In an editorial published in the Washington Post on Saturday, two prominent members of Mexico’s last two administrations advocated decriminalizing marijuana in Mexico City.

Jorge Castañeda, foreign minister under President Vicente Fox, and Fernando Gomez Mont, interior minister under President Felipe Calderon, cited the legalization of marijuana in Colorado and Washington last year as reason for Mexico to abandon its costly and futile war on pot and follow the two states’ lead toward a more relaxed drug policy.

While Mexicans are already legally permitted to possess five grams of marijuana, the capital’s city council, which has the authority to pass health and law enforcement legislation, is contemplating a measure that would allow the regulated possession and use of marijuana in Mexico City. This would be preferable to continuing to follow the well-trodden “path that provokes violence, generates human rights violations, erodes the country’s image abroad and costs a fortune,” argue Castañeda and Gomez, with the support of other former cabinet secretaries – Pedro Aspe, finance minister to Carlos Salinas, and Juan Ramon de la Fuente, health minister to Ernesto Zedillo.

“Mexico is a highly conservative country whose population remains largely opposed to legalizing marijuana. But an increasing number of business, political and academic leaders are shifting their views,” Castañeda and Gomez noted. These figures include former Presidents Fox and Zedillo, both of whom fought vigorously against drug consumption and trafficking in office, but have since reconsidered their positions and concluded that decriminalizing marijuana use and commerce would be a more sensible approach.

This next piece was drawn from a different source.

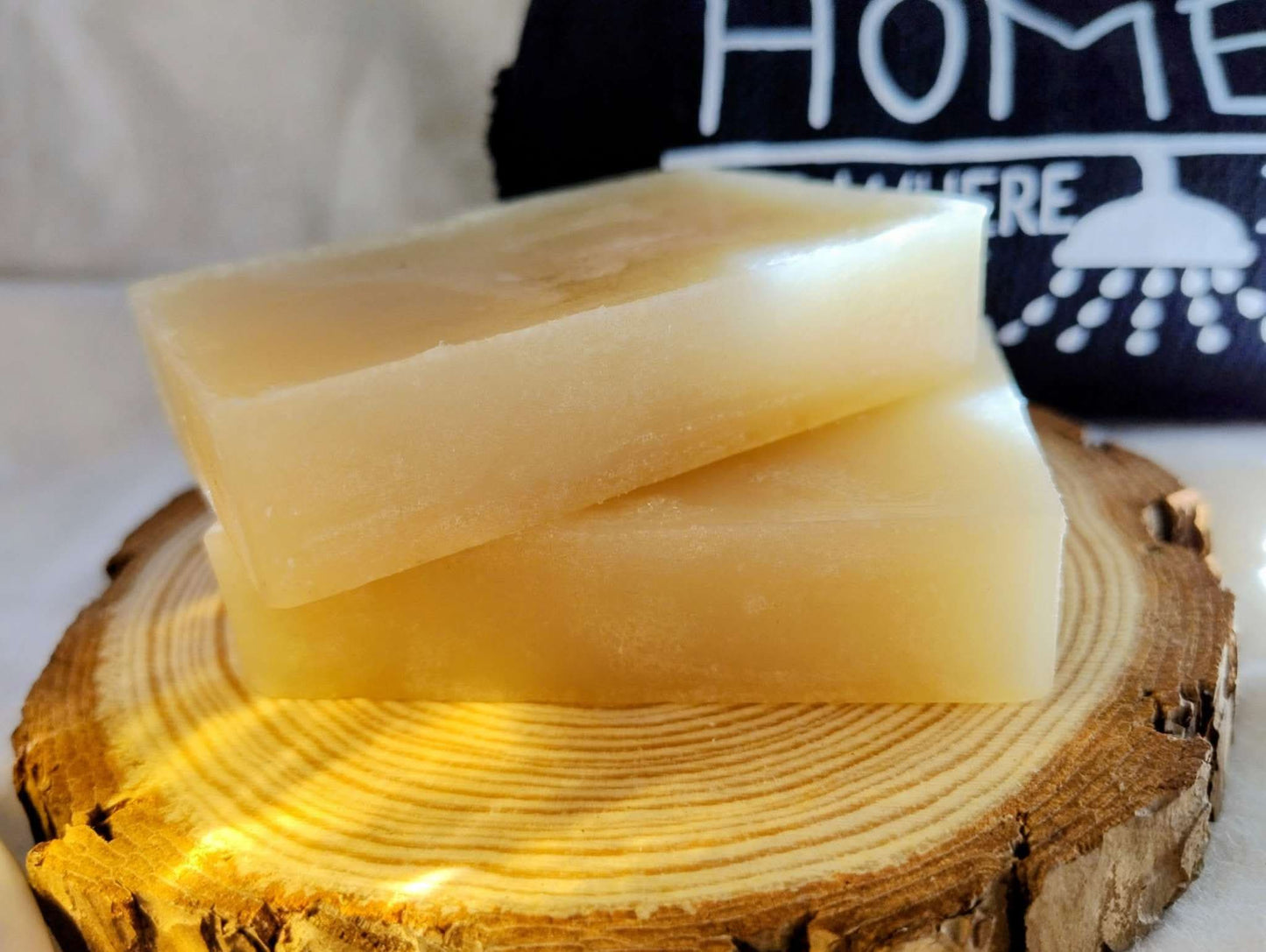Two golden-yellow bars of Golden Hearth Ritual Soap stacked on a wooden slab with a cozy home-themed background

Castañeda and Gomez believe that Mexico City would be the best place to begin the push for change, given the capital’s more liberal attitudes to hot-button issues such as gay marriage.

“For practical and political reasons, our effort is limited to decriminalizing the use of marijuana in the federal district, though some believe that the same case can be easily made for other drugs in the whole country,” the pair wrote in the Washington Post.

“Mexicans have paid a high cost in the struggle against drugs,” they concluded. “We know that this war cannot be won. This fight should be waged by physicians rather than armed forces. Decriminalization of marijuana is not a silver bullet, but it would be a major step away from a failed approach.”